BRIEF DESCRIPTION OF THE DRAWINGS
[0014] The structure and the technical means adopted by the present
invention to achieve the above and other objects can be best
understood by referring to the following detailed description of
the preferred embodiments and the accompanying drawings,
wherein:
[0015] FIG. 1 is a cross sectional view of an embodiment according
to the present invention;
[0016] FIG. 2 is a block diagram of an embodiment according to the
present invention;
[0017] FIG. 3 is a block diagram of a signal processing module of
an embodiment according to the present invention;
[0018] FIG. 4 is a block diagram of another embodiment according to
the present invention;
[0019] FIG. 5 is a cross sectional view of another embodiment
according to the present invention;
[0020] FIG. 6 is a cross sectional view of a further embodiment
according to the present invention.
DETAILED DESCRIPTION OF THE PREFERRED EMBODIMENT
[0021] Refer to FIG. 1 and FIG. 2, a cross sectional view and a
block diagram of an embodiment are disclosed. As shown in figure, a
cuffless blood pressure monitor 1 of the present invention is a
non-invasive blood pressure monitor. All the non-invasive blood
pressure monitors currently available include a cuff. The inflation
of the cuff applies a pressure to an artery of an user. However,
the applied pressure will make the user feel uncomfortable. Thus
the present invention provides a cuffless blood pressure monitor
1.
[0022] The cuffless blood pressure monitor 1 includes a pressure
detection module 10, a signal processing module 12 and a display
module 14. The pressure detection module 10 consists of a
pressure-transferring medium 101, and a pressure sensor 103. The
pressure-transferring medium 101 covers a sensing end 1031 of the
pressure sensor 103. The pressure-transferring medium 101 has
properties of air tightness and flexibility so as to transmit the
pressure difference between the detected area and the
pressure-transferring medium 101 to the pressure sensor 103. The
pressure sensor 103 senses the blood pressure pulse signal
according to the pressure change between the detected area and the
pressure-transferring medium 101. In this embodiment, the
pressure-transferring medium 101 is made from silicone. The
pressure-transferring medium 101 can also be made from other soft
materials.
[0023] The signal processing module 12 is connected to the pressure
sensor 103 of the pressure detection module 10. The blood pressure
pulse signal sensed by the pressure sensor 103 is sent to the
signal processing module 12. The signal processing module 12
processes the blood pressure pulse signal to obtain a blood
pressure direct current (DC) signal and a blood pressure
alternating current (AC) signal. Then the signal processing module
12 calculates and obtains a measurement result according to the
blood pressure DC signal and the blood pressure AC signal. The
measurement result includes a diastolic pressure, a systolic
pressure, and a mean blood pressure.
[0024] Refer to FIG. 3, an embodiment of the signal processing
module 12 is revealed. As shown in the figure, the embodiment of
the signal processing module 12 consists of an analog signal
processing circuit 121 and a digital signal processing circuit 123.

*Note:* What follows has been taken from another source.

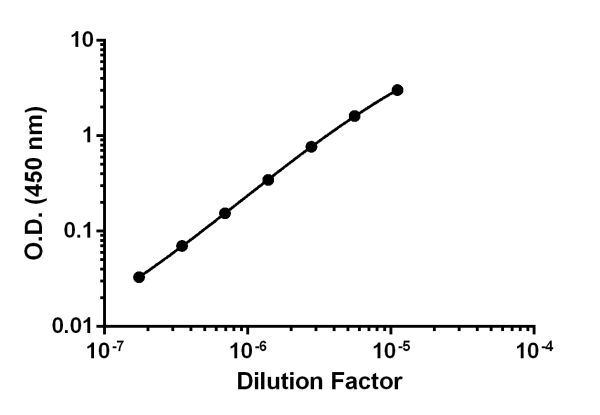 Titration of Human serum within the working range of the assay. Background-subtracted data values (mean +/- SD, n = 3) are graphed.
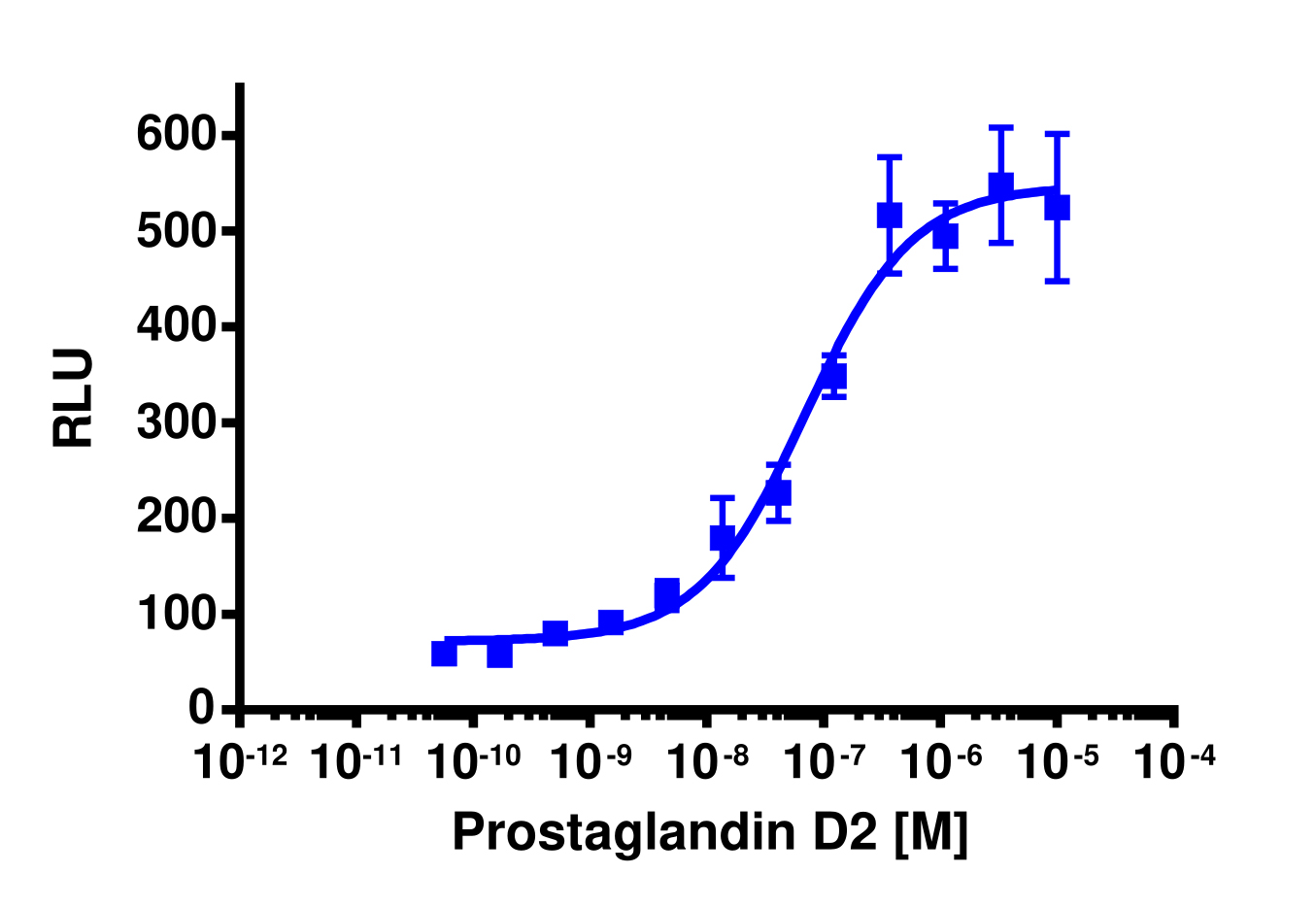 cAMP Hunter™ Human PTGDR Gs Cell-Based Assay Kit (CHO-K1)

The blood pressure pulse signal from the pressure sensor 103 of the
pressure detection module 10 which is an analog signal is
transmitted to the analog signal processing circuit 121 of the
signal processing module 12 firstly. The analog signal processing
circuit 121 is composed of an amplifier unit 1211 and a filter unit
1213. The blood pressure pulse signal is amplified by the amplifier
unit 1211 and then is divided into the blood pressure DC signal and
the blood pressure AC signal. The filter unit 1213 receives the
blood pressure AC signal. Finally at least one high frequency noise
or low frequency noise in the blood pressure AC signal is removed
by the filter unit 1213. In this embodiment, a differential
amplifier is used as the amplifier unit 1211 while the filter unit
1213 includes a first-order high-pass filter 12131 and a
fourth-order low-pass filter 12133.
[0025] After being processed by the analog signal processing
circuit 121, the blood pressure DC signal and the blood pressure AC
signal are sent to the digital signal processing circuit 123. The
digital signal processing circuit 123 includes an analog-to-digital
converter unit 1231 and a microprocessor unit 1233. The
analog-to-digital converter unit 1231 is used to receive and
digitalize both the blood pressure DC signal and the blood pressure
AC signal.
[0026] The pressure applied by the embodiment of the cuffless blood
pressure monitor 1 is controlled by manual operation of the user.
When the force applied is not even, the amplitude of the blood
pressure pulse signal generated by the pressure sensor 103 will not
increased linearly. Thus a special signal processing of the pulse
signal by the microprocessor unit 1233 is required. At first, the
microprocessor unit 1233 retrieves multiple amplitude values of the
digitalized blood pressure AC signal and checks whether these
amplitude values exceed a threshold value. Then find out the
corresponding blood pressure values in the digitalized blood
pressure DC signal for blood pressure AC signals that exceed the
threshold value. Next rearrange the blood pressure values of the
blood pressure DC signal from largest to smallest so that a curve
of the rearranged blood pressure DC signal is a monotonously
decline curve. Thus the so-called rearranged blood pressure DC
signal is obtained.
[0027] Next the microprocessor unit 1233 rearranges the digitalized
blood pressure AC signal according to the order of the blood
pressure values of the rearranged blood pressure DC signal. Then
the microprocessor unit 1233 finds out the maximum value of the
amplitude of the rearranged blood pressure AC signal so as to get
the blood pressure value corresponding to the maximum value of the
amplitude. Moreover, the measurement result such as the systolic
pressure, the diastolic pressure and the mean blood pressure is
calculated and obtained according to the characteristic ratio
between the maximum amplitude and blood pressure amplitude at
systolic pressure and the diastolic pressure.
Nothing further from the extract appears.